* THE DATA:
###
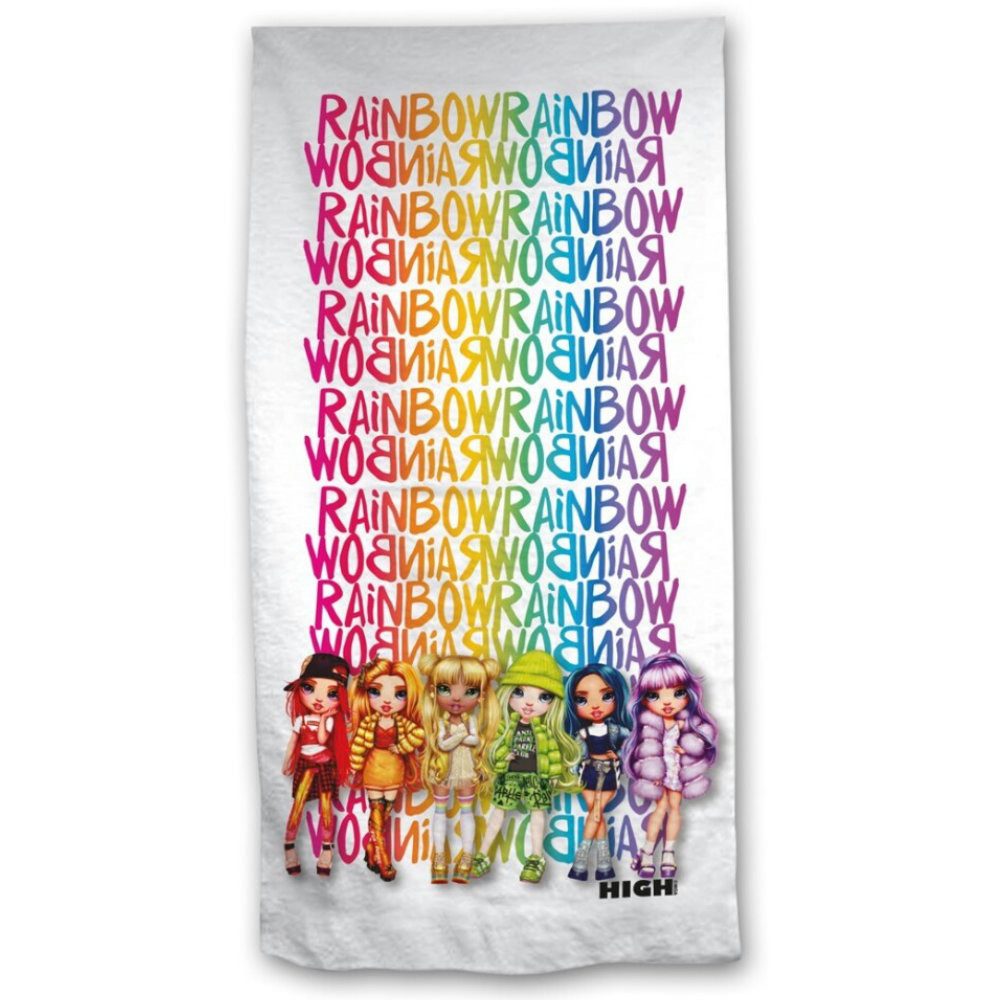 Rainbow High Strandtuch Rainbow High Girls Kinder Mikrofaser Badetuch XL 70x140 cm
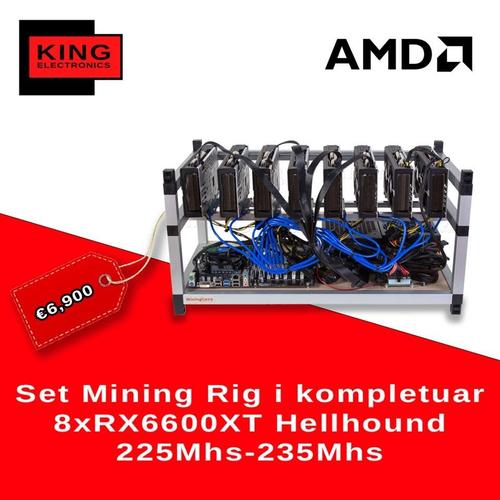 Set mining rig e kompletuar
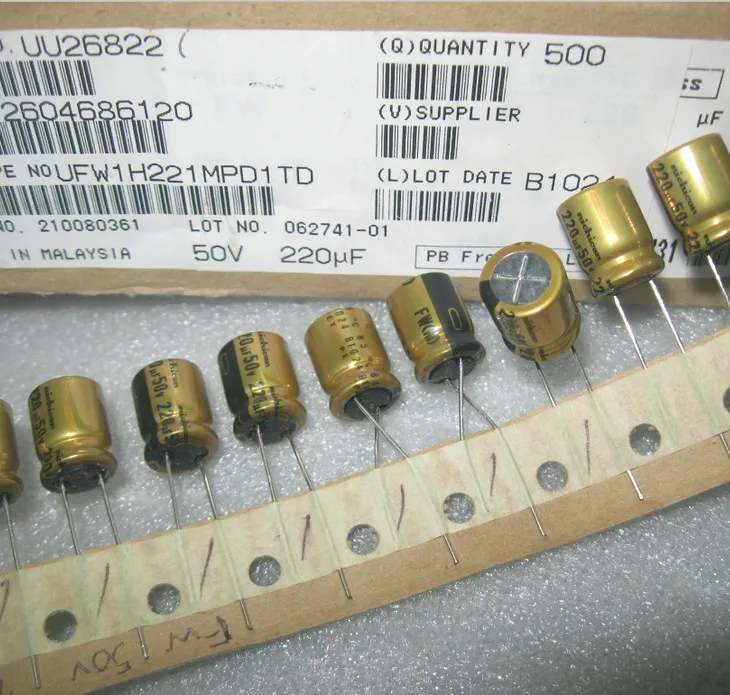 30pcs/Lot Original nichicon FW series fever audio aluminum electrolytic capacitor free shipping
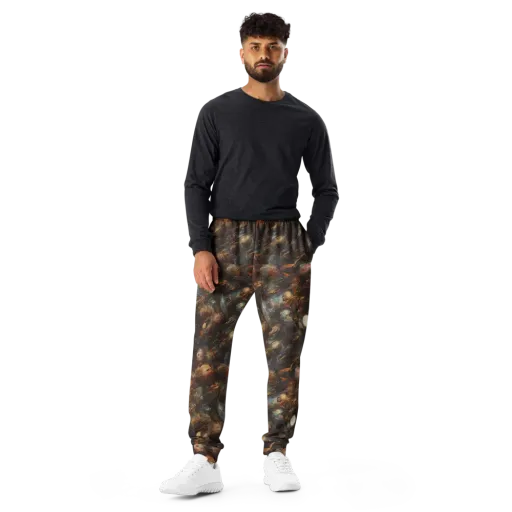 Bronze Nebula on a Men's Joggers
###
* WHAT TO WORK ON:
Copy out exactly the lines that run from the line containing "30pcs/Lot Original nichicon" through the last line of the material, and nothing more; omit the pictures.

* RESPONSE:
 30pcs/Lot Original nichicon FW series fever audio aluminum electrolytic capacitor free shipping
 Bronze Nebula on a Men's Joggers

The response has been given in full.